Diversity: Is Hiring For Diversity Discrimination?

Oakstone International executive search: Diversity: Is Hiring For Diversity Discrimination?

We’ve all heard about more people hiring for diversity – more women, more people of different race or colour, more minorities. It’s not that we don’t agree with it – in fact if done in the correct way it’s great, however wouldn’t hiring for diversity mean considering everyone?

When companies start talking about diverse hiring they usually embark on what could reasonably be called positive discrimination – ignoring people who would be the perfect fit for the company and position because they aren’t a minority that the company is looking to hire.

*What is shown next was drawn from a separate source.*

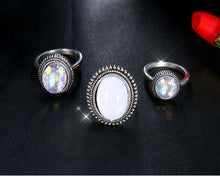 Vintage Opal Resin Wedding Knuckle Ring Set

Deciding to start a recruiting campaign focused on women, sexual orientation, black or Asian – or indeed whatever ‘section’ or ‘minority’ or age group of the population you care to mention is simply discriminatory – you are saying ‘we want to hire people of a certain XYZ – rather than saying we want to hire the best people for the job.

It’s nonsense to say you want 50% of your enterprise sales team to be women if <10% of the enterprise sales people in Europe are women. Imagine if someone decided to stipulate that they only wanted to hire ‘white men aged between 35 and 40’ – someone would be being sued and possibly looking at going to jail!!!

The truth is, hiring for diversity shouldn’t be about what colour skin you have or what gender you are – it’s all about the way of thinking.  You can only truly obtain company diversity if you have diverse thinkers within your company that think differently from one another making it a great environment to work in. Bringing in people who have different priorities, experiences, skills and mindsets is a great idea – maybe you need to look further afield than your own back yard to recruit them, but to stipulate that they must be from a specific culture, sexual orientation or race sure is discrimination?

Of course, there is unconscious discrimination in some companies for example, a famous 2014 study discovered that, in STEM jobs, a John is more likely to get a job than a Jennifer even if their CVs are identical and research from Cornell has uncovered the tendency among recruiters to hire candidates of their own, rather than another, ethnicity.

To diminish things like this happening hiring managers and companies need be more thorough and mindful when hiring, so mistakes and unconscious bias don’t control the hiring process.

Take control of your hiring process and think about who you’re hiring based on individuals backgrounds, experience and skills and not unimportant criteria such as gender, age, skin colour or ethnicity.